Lisa Reed, special to wtop.com
WASHINGTON – If you hit your back-to-workout routine just as the kids went back to school, chances are, you could be feeling a bit sore now. But don’t let that hinder your progress. Here are eight ways you can reduce muscle soreness.
- Move your body: The last thing you may want to do is move more, but taking a walk and getting up from your office chair will help the sore muscles loosen up and become less stiff, all around. Moving also increases blood flow and oxygen to the sore muscles and facilitates the breakdown of lactic acid — a natural by-product that causes the burning sensation in your muscles when your body is tired.
- Warm-up: When working out, always begin with a proper warm up. Getting your muscles and tendons ready for activity is key to preventing injury.
- Stretch: Stretch each muscle and maintain the stretch for 20 to 30 seconds. Do not bounce your muscles. Rather, hold the position steadily.
- Ice: If a muscle is super sore, or your legs are overtired, a 10-minute ice bath will do wonders. It might be painful at first, but the cold water breaks the pain by increasing circulation to your sore areas.
- Massage and roll: If you can’t afford a trip to the massage therapist, help alleviate your pain with a massage from a foam roller or even a tennis ball. Lightly massage the sore muscle with the roller or the ball, and gradually increase the depth of the massage. The video below demonstrates foam rolling.

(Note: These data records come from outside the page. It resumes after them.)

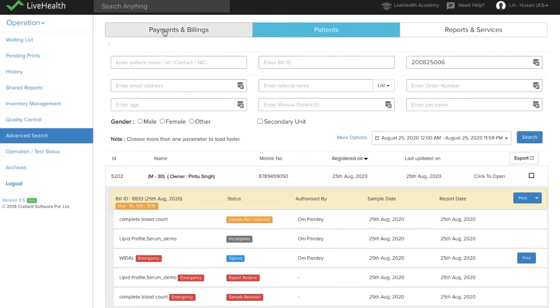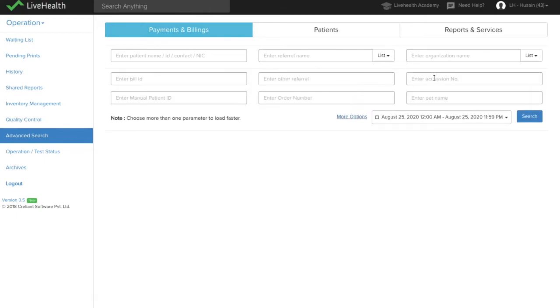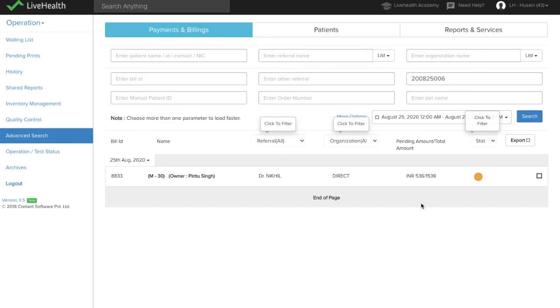Similarly, you can search the bill of that patient using the same accession number and you can see the status of the bill and you can even print the bill from here.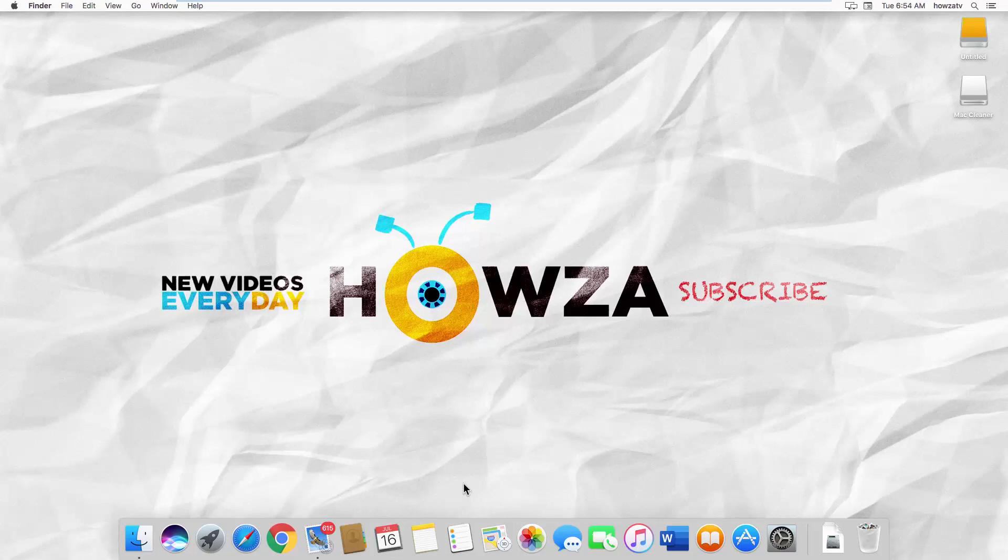Hey! Welcome to Housa channel. In today's lesson, you will learn how to install Dropbox on a Mac.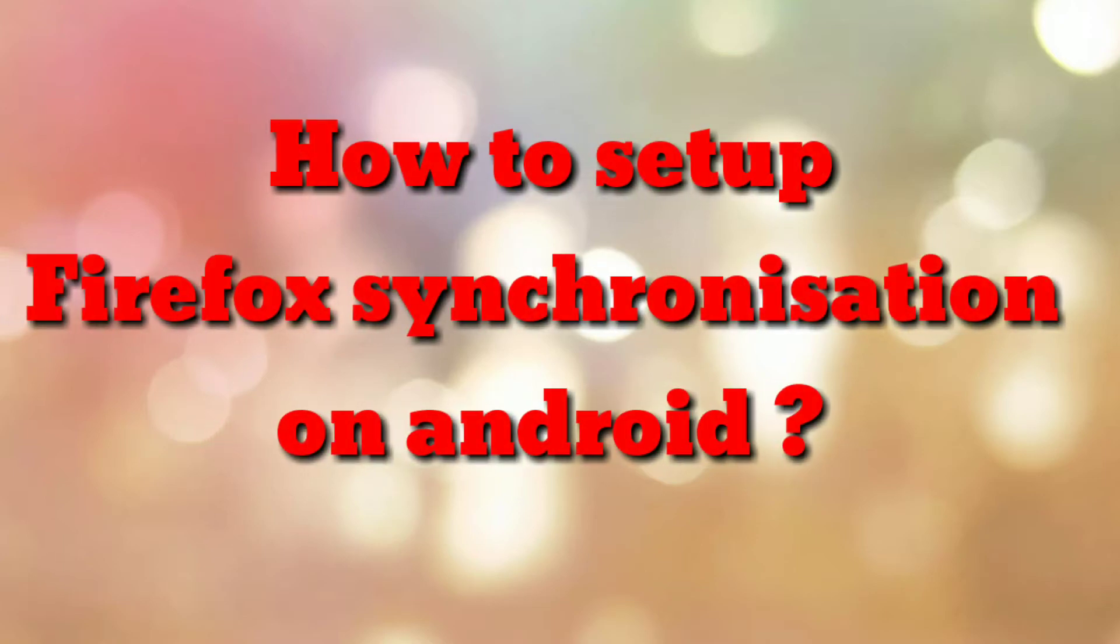Hello friends, how are you? Welcome to my channel How To. In this video tutorial, I am going to explain how to set up Firefox synchronization on Android.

- Flush the soreness away: If you can’t quite bear the thought of an intense ice bath, try the popular “flushing” technique. Run hot water over your sore muscles for two minutes and then immediately switch to cold water for 30 seconds. Repeat this five times. The back-and-forth of the hot and cold water opens and closes your blood vessels, which helps to flush the lactic acid from your sore muscles.

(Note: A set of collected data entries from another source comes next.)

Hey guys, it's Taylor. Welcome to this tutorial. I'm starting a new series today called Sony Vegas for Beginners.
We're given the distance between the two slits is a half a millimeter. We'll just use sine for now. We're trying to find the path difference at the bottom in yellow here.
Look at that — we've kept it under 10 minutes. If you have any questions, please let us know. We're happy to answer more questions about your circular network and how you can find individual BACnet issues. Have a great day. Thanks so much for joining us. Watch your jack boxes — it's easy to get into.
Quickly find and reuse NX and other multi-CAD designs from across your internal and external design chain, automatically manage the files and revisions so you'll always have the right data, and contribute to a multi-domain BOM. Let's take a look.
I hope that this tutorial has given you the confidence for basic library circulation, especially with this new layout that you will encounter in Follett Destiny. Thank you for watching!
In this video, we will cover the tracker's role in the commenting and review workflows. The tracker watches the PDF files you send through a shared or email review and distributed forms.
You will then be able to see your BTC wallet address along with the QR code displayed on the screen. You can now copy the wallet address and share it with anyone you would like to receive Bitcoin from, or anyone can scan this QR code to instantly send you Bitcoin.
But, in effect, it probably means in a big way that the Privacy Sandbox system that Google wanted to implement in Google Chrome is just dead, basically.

- Embrace the protein: One way to help muscles recover faster is to refuel with protein. After exhausting your muscles in a workout, replenish your muscles’ energy stores. Try eating a Greek yogurt or making a skinless chicken breast.
- Drink water: Without water, the body will not work like it should. Dehydration will cause your body to cramp, adding to the overall soreness, so make sure you are getting plenty of fluids.